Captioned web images
★ ★ ★

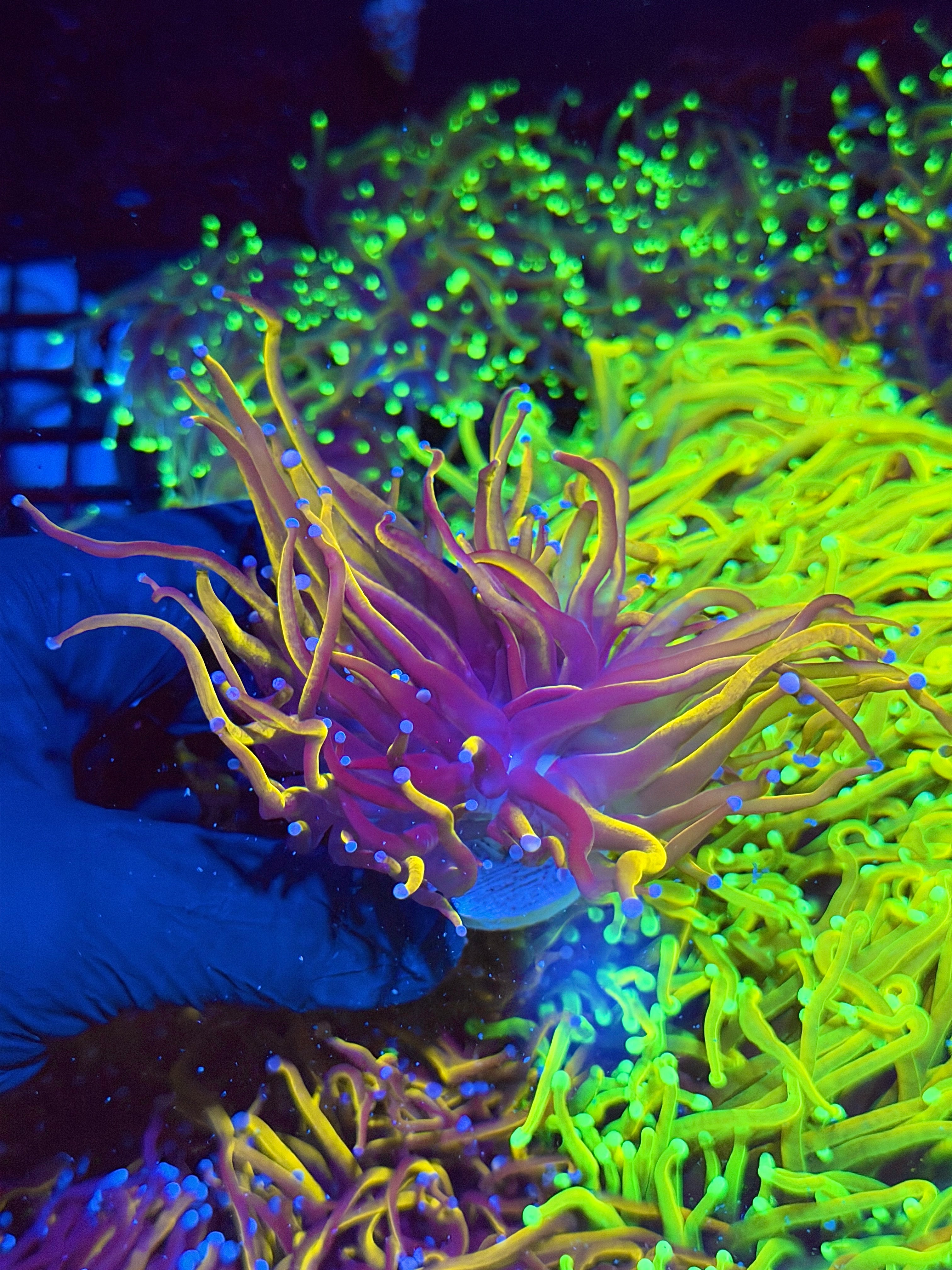 JEA Orange Peel Torch Coral  1 XXL Head Splitting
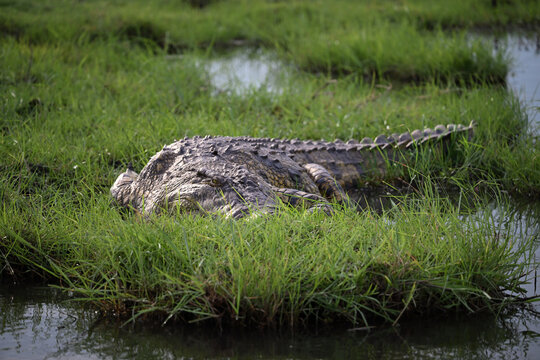 Nile Crocodile (Crocodylus niloticus) Partially Submerged in Grassy Botswana Wetlands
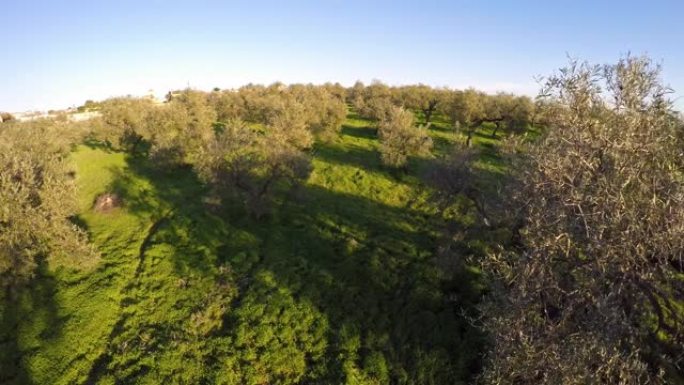 4K无人机拍摄了一大片橄榄树。西班牙高地橄榄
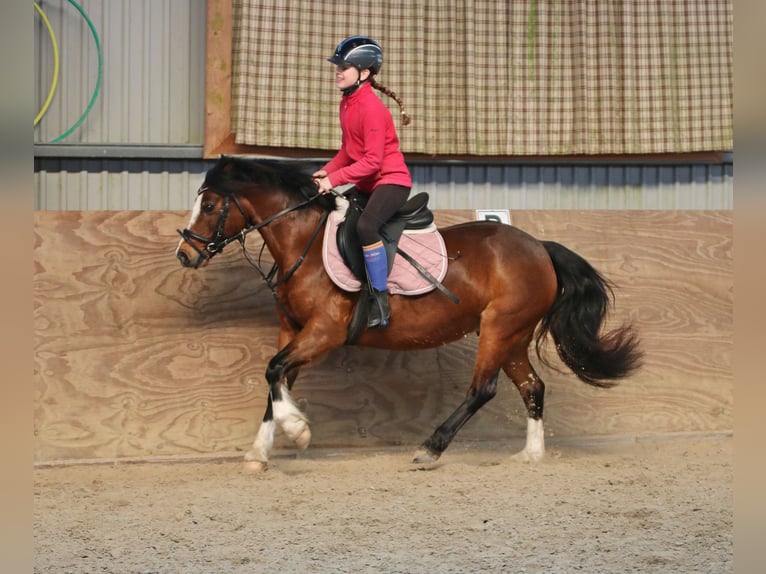 Welsh C (of Cob Type) Mare 7 years 12,2 hh Bay-Dark in Wildeshausen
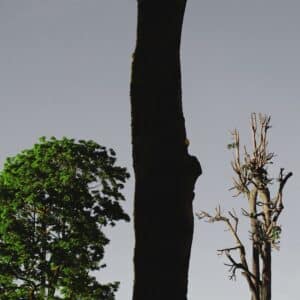 Photo Before and After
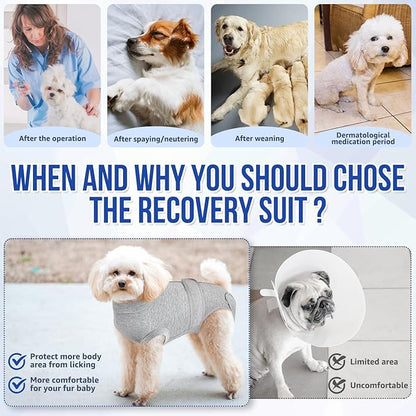 Lukovee Recovery Suit for Dogs, Zipper On Recovery Suit for Female Male Dog, Onesie Abdominal Wounds Cone E-Collar Alternative Prevent Licking Spay Recovery Suit (S,GY)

★ ★ ★

About this task ▸ Repeat every record above exactly, but drop the pictures.

Reply to the task ▸
 JEA Orange Peel Torch Coral  1 XXL Head Splitting
 Nile Crocodile (Crocodylus niloticus) Partially Submerged in Grassy Botswana Wetlands
 4K无人机拍摄了一大片橄榄树。西班牙高地橄榄
 Welsh C (of Cob Type) Mare 7 years 12,2 hh Bay-Dark in Wildeshausen
 Photo Before and After
 Lukovee Recovery Suit for Dogs, Zipper On Recovery Suit for Female Male Dog, Onesie Abdominal Wounds Cone E-Collar Alternative Prevent Licking Spay Recovery Suit (S,GY)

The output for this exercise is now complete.